Lo que a muchos nos desasosiega
es que todo siga sonando demasiado contemporáneo.
Aunque a decir verdad
sólo han pasado noventa años desde que se iniciara toda aquella crueldad,
noventa años nada más de su inicio, forma parte con todas las de la ley de nuestra contemporaneidad. El
24 de marzo de 1933 se le dio a su líder los plenos poderes para aplicar su
política. Se crearon los campos de la muerte contra judíos, gitanos,
opositores, personas que no se adecuaban a los modelos raciales y humanos del
nazismo. Ante un silencio sólo roto de vez en cuando por voces que clamaron en
el desierto. El expansionismo llevó a una nueva guerra mundial. A la hecatombe en
medio de la cual lo narrado en el libro de Edurne Portela es apenas una parte
ínfima, una gota de agua en aquel mar de horror, pero un infierno, el peor
escenario posible, para quienes lo vivieron.
Maddi
y las fronteras es la historia de Maria Josefa Sansberro,
o Maria Josefa Nicolas, el apellido de su segundo marido, pero conocida como
Maddi, un personaje real, una mujer nacida en Guipúzcoa pero que vivió desde
niña al otro lado de la frontera, en el País Vasco Francés, y allí asistió a la
guerra de España y después a la entrada del ejército alemán en Francia,
mientras vivían imbuidos en la pura cotidianidad, entre chismorreos vecinales,
trabajo y un niño adoptado que crecía día a día.
Edurne Portela va
rellenando con imaginación, lo explica ella misma, lo que no cuentan los datos
confusos a los que accede.
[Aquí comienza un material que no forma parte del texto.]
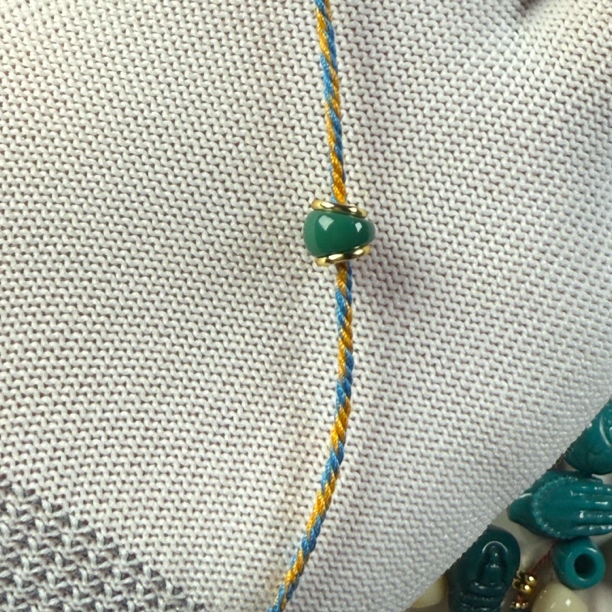 纯手工绿色精工斜切大肠马蹄珠时尚镶嵌简约单圈隔珠编织编绳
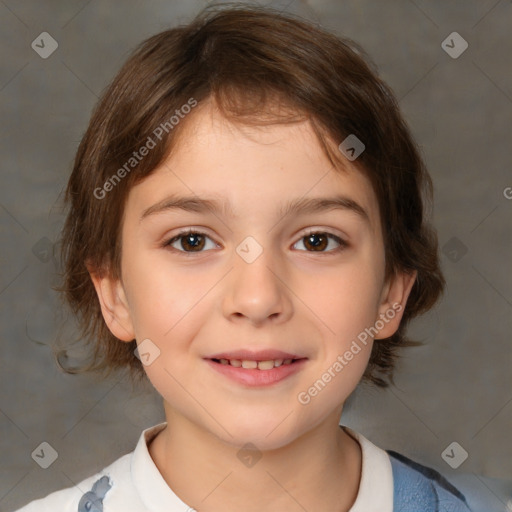 Joyful white child female with medium  brown hair and brown eyes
En este juego de ficción, verosimilitud y realidad
que es la literatura, la representación nos permite afrontar el horror, pero
también el valor, que hay en los hechos de la vida, no sólo los del día a día,
como solucionar la subsistencia o las relaciones interpersonales, la
cotidianidad más próxima, con sus problemas diarios y sus alegrías, cuando las
hay, también las cuestiones que parecen estar allí fuera, en las instituciones
o en los grandes hechos de cada época, que nos parecen lejanos, qué lejos está
París o Berlín cuando se vive en los Pirineos, cuestiones tan ajenas, pero que
acaban afectando. Incluso se vuelven un infierno macabro.
Me llama la atención, por
otro lado, el silencio extraño que se impone hoy ante el horror sistemático de lo
ocurrido en el corazón de Europa. Bueno, quizá no es silencio la palabra
adecuada, al fin y al cabo se han estudiado bastante el nazismo y la guerra,
los campos y la represión, han sido materia también de un sinfín de novelas y
películas. Quizá sea mejor hablar de distancia. O de cómo parece que todo aquello
no va con nosotros, con nuestro presente, que sea cosas de otra época,
utilizamos esta fórmula, de otra época,
para marcar esa distancia temporal y con la idea de que no puede volver a
pasar, mientras nos estremece los genocidios actuales, los de África, los que
han ocurrido no hace tanto tiempo en Kampuchea, o en Yugoslavia, fuera de la
Europa fortaleza, lo que ocurre en definitiva en regiones en las que no se da valor
a la vida, lo decimos así, no dan valor a
la vida, [ellos]. Mientras, vendemos armas a países en guerra y legitimamos
regímenes tiránicos llevándoles mundiales de fútbol o contribuyendo con tecnología
ultramoderna, su represión es cosa interna, como lo fue la política del
gobierno alemán durante el lustro anterior a la guerra.
Qué rápido hemos pasado
página.
Qué fácil olvidamos que
el jardín europeo tiene demasiados claroscuros.
Maddi, mujer creyente,
católica firme, lanza su diatriba a un Dios que guarda silencio. Elie Wiesel,
superviviente de los campos de concentración, se formuló también muchas de las
preguntas que se va planteando la protagonista de la novela. Claro que con
independencia de las respectivas fes, todo indica que la crueldad, la maldad o
el horror tienen una naturaleza demasiado humana. Por mucho que las guerras se
bendigan en Iglesias o en Mezquitas y resuene otra vez el grito medieval Dieu le veult, son otras las motivaciones,
las razones de tanto desvarío.
Claro que tal vez sea en
vano buscar explicaciones o pretender discernir los porqués de tanto horror y
lo mejor sea seguir lo que la propia Maddi aconseja, «no intentes entender sus motivos».